___ Records for the exercise ___
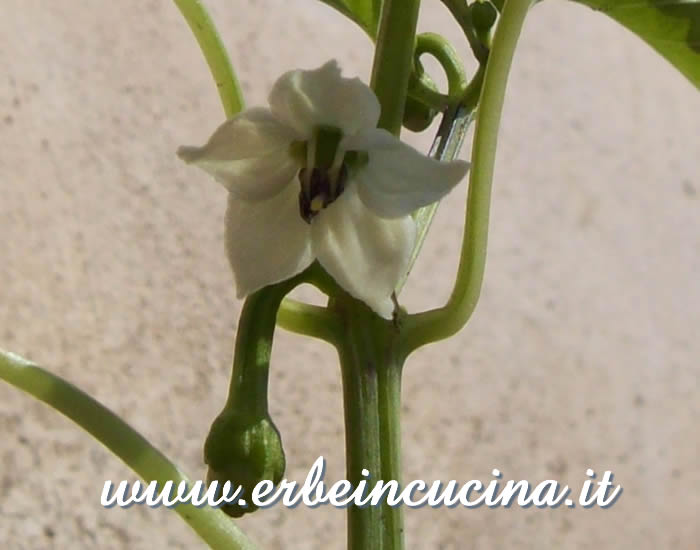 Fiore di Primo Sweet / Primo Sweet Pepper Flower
___
___ Records for the exercise ___
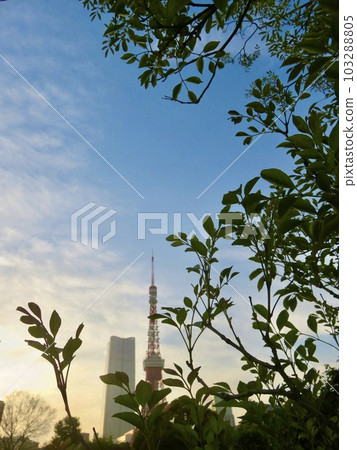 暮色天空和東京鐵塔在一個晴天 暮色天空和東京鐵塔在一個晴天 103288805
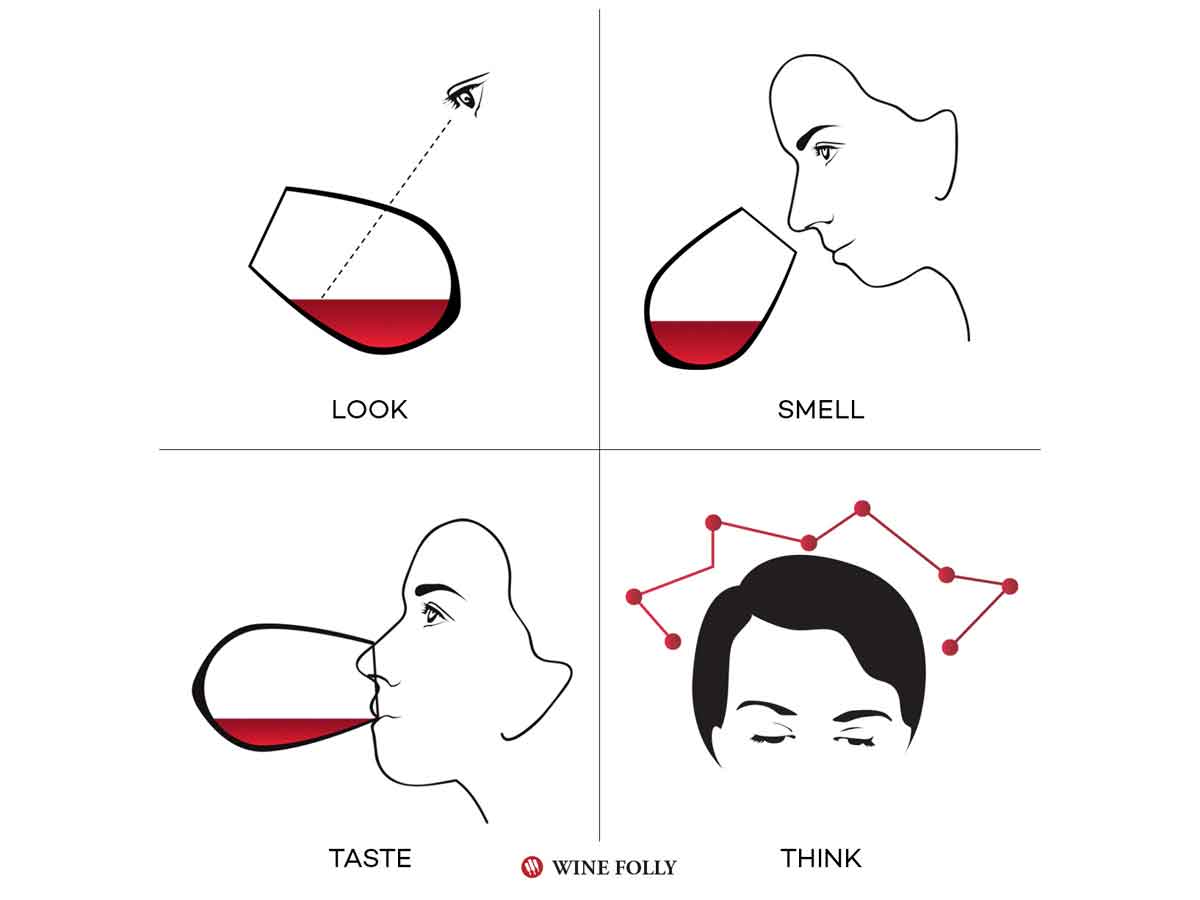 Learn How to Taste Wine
___
___ Records for the exercise ___
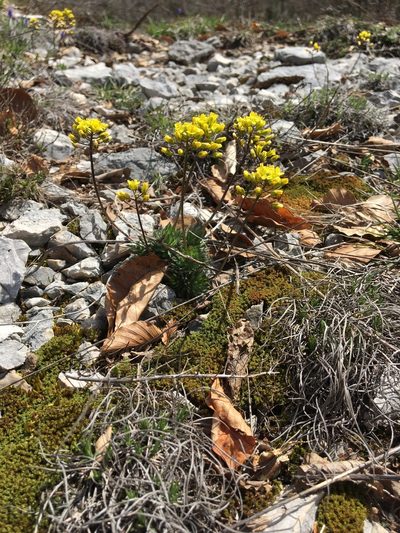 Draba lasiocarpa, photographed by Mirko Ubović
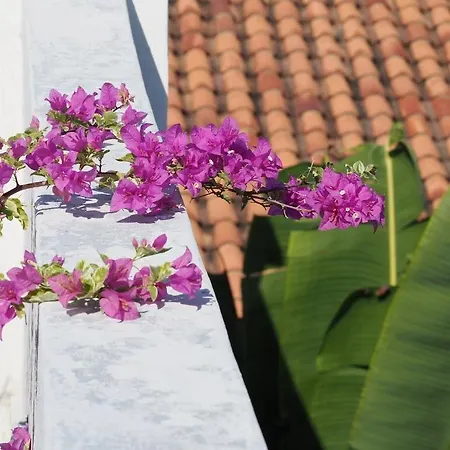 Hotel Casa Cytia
___
What to work on -> The expected output is the lines above from the one containing "Draba lasiocarpa, photographed" to the one containing "Hotel Casa Cytia", both ends included, reproduced exactly with every picture left out.

Answer for this exercise ->
 Draba lasiocarpa, photographed by Mirko Ubović
 Hotel Casa Cytia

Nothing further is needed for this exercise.